The core CPI deducting food and energy prices inched up 0.6% in November from a year ago, registering the same growth rate with last month and continuing a mild upward trend.
The CPI slid 0.5% on a monthly basis, affected by ample supply of agricultural produce under mild temperature, slump in international oil prices and seasonal fall in service consumption like traveling.
The CPI fell 0.5% on a yearly basis, by 0.3 percentage points larger than the reduction in October, with the drag force from the decline in energy prices increasing by 0.19 percentage points.
China's producer price index (PPI) in November ticked down from October and saw the year-on-year reduction expand, owing to the fall in international oil prices and soft demand for some industrial products.

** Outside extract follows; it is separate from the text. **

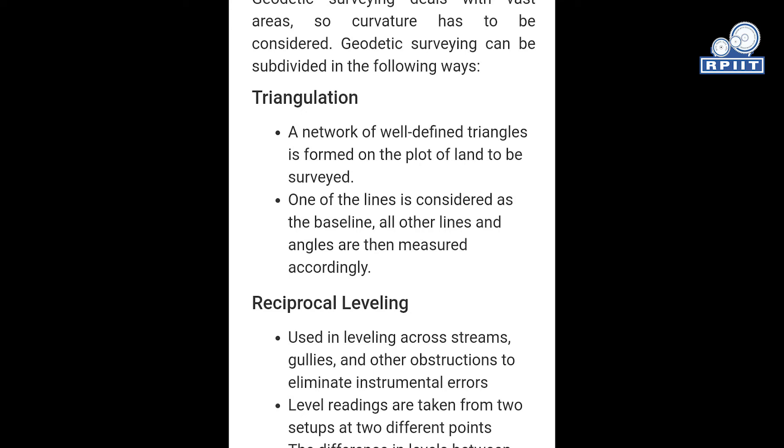In triangulation surveying, a network of well-defined triangles is formed on the plot of the land to be surveyed. One of the lines is considered the baseline, and the other lines and angles are measured accordingly in this type of survey.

The PPI ticked down 0.3% month on month in November, after keeping flat in October. In contrast, prices of coal mining and washing industry ticked up 0.3% from a month ago.
PPI's year-on-year reduction widened by 0.4 percentage points to 3.0% in November. Coal mining and washing industry prices tumbled 15.8% in November and 11.5% during January-November.
The average PPI during January-November was 3.1% lower over the same period of last year.